*DATA RECORDS*
○ ○ ○ ○ ○

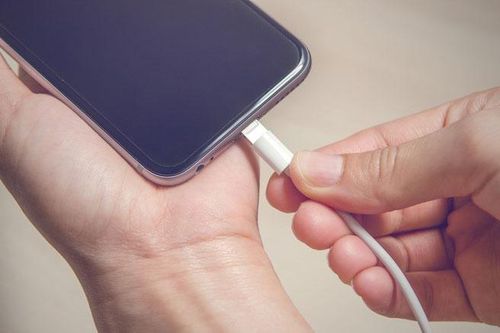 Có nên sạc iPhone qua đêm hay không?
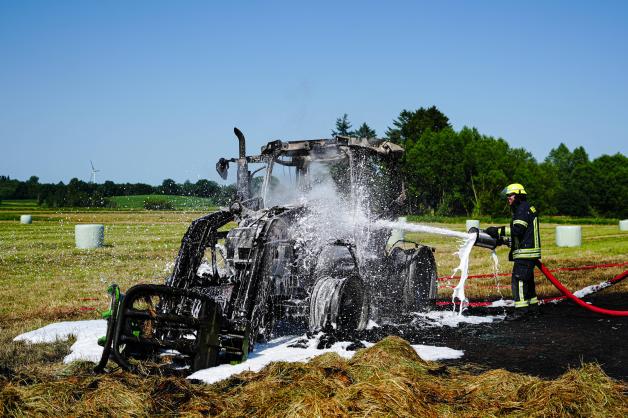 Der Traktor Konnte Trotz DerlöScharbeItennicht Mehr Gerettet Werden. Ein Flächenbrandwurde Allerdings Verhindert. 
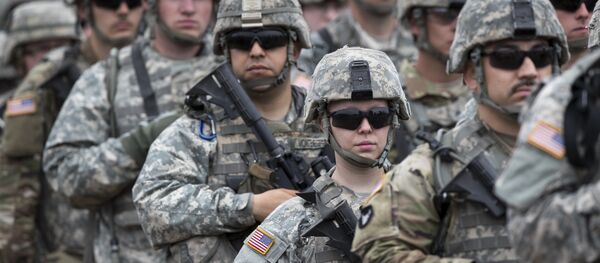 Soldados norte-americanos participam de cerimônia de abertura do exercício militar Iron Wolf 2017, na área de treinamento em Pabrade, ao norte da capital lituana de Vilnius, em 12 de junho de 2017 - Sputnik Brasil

○ ○ ○ ○ ○

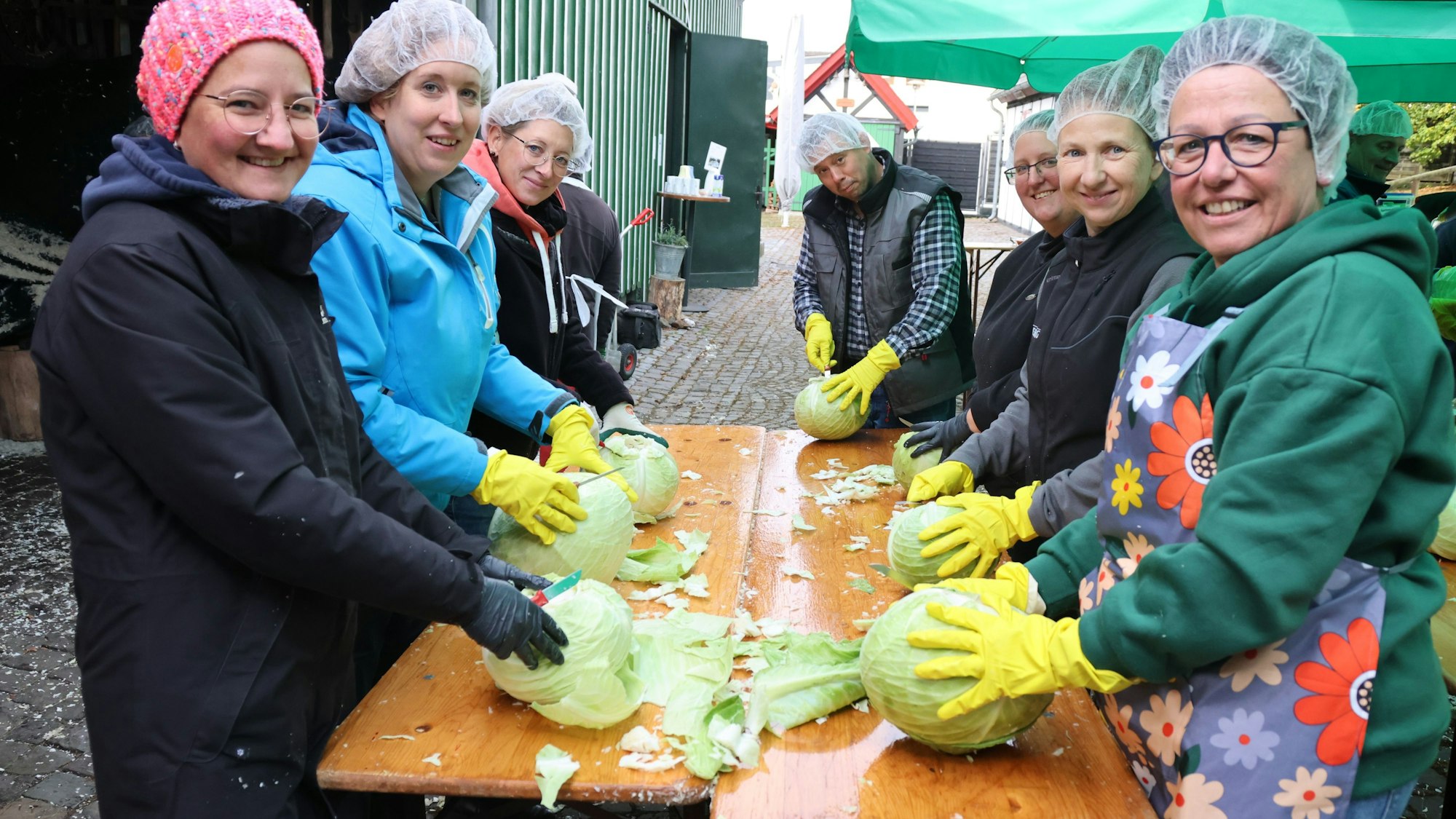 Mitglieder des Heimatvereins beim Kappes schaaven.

○ ○ ○ ○ ○

Look above for the line with "Có nên sạc iPhone qua đêm hay không?" and the line with "Der Traktor Konnte". Output those two and everything between them exactly, pictures excluded.

*RESULT OF THE TASK*
 Có nên sạc iPhone qua đêm hay không?
 Der Traktor Konnte Trotz DerlöScharbeItennicht Mehr Gerettet Werden. Ein Flächenbrandwurde Allerdings Verhindert. 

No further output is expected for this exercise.